If I remove what are obviously identifiers from the 992,607 errors output by log stream
I end up with just 15 unique errors:
- 918,968 occurrences of “Embedding version: 0 not supported, skip embedding publishing”
- 21,127 occurrences of “Image has invalid or too small dimensions (1x1)”
- 21,127 occurrences of “Failed to decode image”
- 21,127 occurrences of “Failed to load Scene Taxonomy for analysis version: 0. Unable to translate scenes.”
Most of the rest of the errors are “Preparaing to restart query” (Apple’s typo, not mine).
I assume the last three counts are all for the same problem - one issue results in three errors?
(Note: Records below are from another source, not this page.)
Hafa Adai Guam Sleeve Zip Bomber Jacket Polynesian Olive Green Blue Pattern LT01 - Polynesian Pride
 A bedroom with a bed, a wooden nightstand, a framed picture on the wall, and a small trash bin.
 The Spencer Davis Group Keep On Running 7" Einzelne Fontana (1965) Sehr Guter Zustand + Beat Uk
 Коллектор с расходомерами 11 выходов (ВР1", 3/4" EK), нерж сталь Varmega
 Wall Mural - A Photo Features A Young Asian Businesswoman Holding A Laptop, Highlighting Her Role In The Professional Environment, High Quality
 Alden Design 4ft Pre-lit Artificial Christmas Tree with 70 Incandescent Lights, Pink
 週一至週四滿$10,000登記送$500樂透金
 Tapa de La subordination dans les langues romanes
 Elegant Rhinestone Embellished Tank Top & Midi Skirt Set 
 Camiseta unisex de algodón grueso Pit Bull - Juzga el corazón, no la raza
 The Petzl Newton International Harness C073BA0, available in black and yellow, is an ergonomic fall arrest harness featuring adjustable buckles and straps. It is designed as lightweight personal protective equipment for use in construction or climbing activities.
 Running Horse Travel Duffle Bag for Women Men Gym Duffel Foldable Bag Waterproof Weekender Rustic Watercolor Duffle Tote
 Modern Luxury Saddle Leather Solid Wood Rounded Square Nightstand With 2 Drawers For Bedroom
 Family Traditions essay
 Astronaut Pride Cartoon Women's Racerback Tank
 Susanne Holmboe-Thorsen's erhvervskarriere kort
That error sounds reasonable as well - if the image is 1×1 skip it. But why is mediaanalysisd
revisiting the same file thousands of times an hour? Is the processing done in batches, where the whole batch is dropped if any one thing inside it fails? That could explain all the “Preparaing [sic] to restart query” lines I guess?
The top count - 918,968 occurrences of “Embedding version: 0 not supported, skip embedding publishing” - is the one I want to know more about. I have no idea what that means. It’s unlikely I’d be able to do anything about this even if I did understand the error because like I say, there’s nothing wrong with any of the problematic images and even if there was mediaanalysisd
should gracefully handle the problem and not simply thrash them over and over and over. But I’m a developer and I’m curious. I want to know what’s stuck in its craw.
Also, presumably mediaanalysisd
relies on Spotlight’s indexes, or maybe it just uses the same ignore-list, which is why excluding the directory at the root of all of these errors makes this go away (at the expense of making Spotlight much less useful for me)?
I’ll post a follow-up if I ever get an answer to any of the above. Don’t hold your breath.
(PS folders called “Developer” in your home directory get a nice icon in Finder, which is why I’ve called mine that.)